I remember when the NIV came out, and all he commotion it caused for not being a ‘word for word’ translation. I too started to reject it along with the bandwagon. Till I started doing online studies where the NIV came up along with the other version. And I noticed I started to use it more, when I wanted a more communicable reading. It read like someone was talking to you, not like you were ‘reading the bible’. And it helped me read more of the bible, numerous times.
So, lately I have started to read the bible to my 9 year old daughter. I just picked up a bible I had on hand, an ESV. A word for word translation. I don’t know what happened to my NIV’s, they must have been given away. I no longer have a paraphrase version. And so, I as I have been doing some online studies I have been running into ‘The Message’ version. And find that I am liking the way it reads, as a paraphrase. So much so, that I purchased it to continue reading it to my daughter.

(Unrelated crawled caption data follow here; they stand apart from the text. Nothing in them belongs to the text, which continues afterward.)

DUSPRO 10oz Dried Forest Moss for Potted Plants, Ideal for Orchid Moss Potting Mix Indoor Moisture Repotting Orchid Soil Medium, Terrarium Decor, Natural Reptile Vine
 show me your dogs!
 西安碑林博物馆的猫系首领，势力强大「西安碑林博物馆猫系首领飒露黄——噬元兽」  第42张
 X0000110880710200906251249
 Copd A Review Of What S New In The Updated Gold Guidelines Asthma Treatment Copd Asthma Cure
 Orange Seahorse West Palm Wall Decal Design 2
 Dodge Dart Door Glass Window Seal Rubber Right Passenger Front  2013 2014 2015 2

There are seasons and reasons in life for choosing a word for word and/or a paraphrase translation of the bible. Even the author of The Message understands that his version is ill equipped for exegetical treatment of the original text. He admits to creating it because as he read and taught Galatians to his congregation, all they did was stir their coffee. Till he started re translating the original greek into today’s common english. Then he says they came alive and attentive, grasping the Truths of the text.
This IS the function of a paraphrase translation, and the hopes I have for my daughters as I read it to them.
Here is a sample verse, and one I hold dear too.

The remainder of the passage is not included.